De tanto frecuentar a la gitana, Antonio terminó enamorándose de ella. ¿O sería al contrario? Fuere como fuere, las lenguas viperinas decían que ese noviazgo otoñal era resultado de la conveniencia, y que quien salía ganando era la mujer que pasaba penurias económicas porque ya los vecinos no creían en los cuentos de los gitanos. La gente dejó de hablar mierda el día que ellos decidieron compartir el mismo techo.
Antonio dejó entonces la sana costumbre de leer novelas de amor pero se dedicó a poner en práctica todo lo que había aprendido en ellas. A cambio de instruirla en las artes amatorias, como si fuera el autor del Kama Sutra, ella le quitó la maña de andar contradiciendo por todo y él empezó a llevar una vida normal, donde las exageraciones pasaron a formar parte de su prehistoria personal. Y de lo viejo y cansado que estaba, se fue olvidando del asunto de la tal bisexualidad.

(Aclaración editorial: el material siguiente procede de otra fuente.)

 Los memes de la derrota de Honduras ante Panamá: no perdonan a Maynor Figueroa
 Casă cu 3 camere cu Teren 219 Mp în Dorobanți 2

Los días volaban al lado de su amada, que con algo de paciencia le enseñó el arte de quiromancia y de la noche a la mañana Antonio se volvió un ducho en la lectura de manos, tanto que cuando la mujer no estaba él se hacía pasar por gitano –aunque decía que era alquimista porque lo leyó en Cien años de soledad- y le pronosticaba toda clase de pendejadas a la poca gente que aún le tenía fe a esas vainas. Sus ocho hijos conocieron a la gitana y los visitaban con regularidad; uno de ellos aprendió a descifrar las líneas de la vida que señalan, en las palmas de las manos, lo que a uno le tiene y no le tiene que pasar.
Podría decirse que Antonio y la gitana fueron felices espantándose la soledad de manera mutua, y todas las benditas noches le preguntaba a ella si en verdad él moriría faltando un mes para cumplir los 90 años.
-Confírmame eso, decía él.
-Ya voy Toño, respondía ella. Y se dormían arrunchados entre sonoras carcajadas.